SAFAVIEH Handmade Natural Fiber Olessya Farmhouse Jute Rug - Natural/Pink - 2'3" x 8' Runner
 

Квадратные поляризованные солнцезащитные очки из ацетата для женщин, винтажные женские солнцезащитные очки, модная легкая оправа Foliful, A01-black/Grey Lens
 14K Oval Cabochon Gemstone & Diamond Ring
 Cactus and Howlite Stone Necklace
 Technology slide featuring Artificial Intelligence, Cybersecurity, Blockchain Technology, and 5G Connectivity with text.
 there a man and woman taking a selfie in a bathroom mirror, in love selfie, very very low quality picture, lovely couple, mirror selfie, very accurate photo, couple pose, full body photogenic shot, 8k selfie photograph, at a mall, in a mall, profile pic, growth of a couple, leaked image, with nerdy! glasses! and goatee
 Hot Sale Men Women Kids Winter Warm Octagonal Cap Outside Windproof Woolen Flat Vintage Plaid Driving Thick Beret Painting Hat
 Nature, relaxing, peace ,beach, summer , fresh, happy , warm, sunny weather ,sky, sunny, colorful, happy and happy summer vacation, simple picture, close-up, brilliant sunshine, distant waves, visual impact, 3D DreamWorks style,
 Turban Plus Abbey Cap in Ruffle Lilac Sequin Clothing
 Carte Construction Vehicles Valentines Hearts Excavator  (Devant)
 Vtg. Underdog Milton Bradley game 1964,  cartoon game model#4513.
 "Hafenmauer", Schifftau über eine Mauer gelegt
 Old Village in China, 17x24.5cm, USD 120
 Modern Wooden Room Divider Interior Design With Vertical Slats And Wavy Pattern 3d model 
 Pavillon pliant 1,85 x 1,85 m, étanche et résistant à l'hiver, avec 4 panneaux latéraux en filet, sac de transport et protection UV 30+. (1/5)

****************

Above are the records; print exactly the lines from the line with "Hot Sale Men" to the line with "Modern Wooden Room", including both, and nothing else.

_WRITTEN REPLY:_
 Hot Sale Men Women Kids Winter Warm Octagonal Cap Outside Windproof Woolen Flat Vintage Plaid Driving Thick Beret Painting Hat
 Nature, relaxing, peace ,beach, summer , fresh, happy , warm, sunny weather ,sky, sunny, colorful, happy and happy summer vacation, simple picture, close-up, brilliant sunshine, distant waves, visual impact, 3D DreamWorks style,
 Turban Plus Abbey Cap in Ruffle Lilac Sequin Clothing
 Carte Construction Vehicles Valentines Hearts Excavator  (Devant)
 Vtg. Underdog Milton Bradley game 1964,  cartoon game model#4513.
 "Hafenmauer", Schifftau über eine Mauer gelegt
 Old Village in China, 17x24.5cm, USD 120
 Modern Wooden Room Divider Interior Design With Vertical Slats And Wavy Pattern 3d model 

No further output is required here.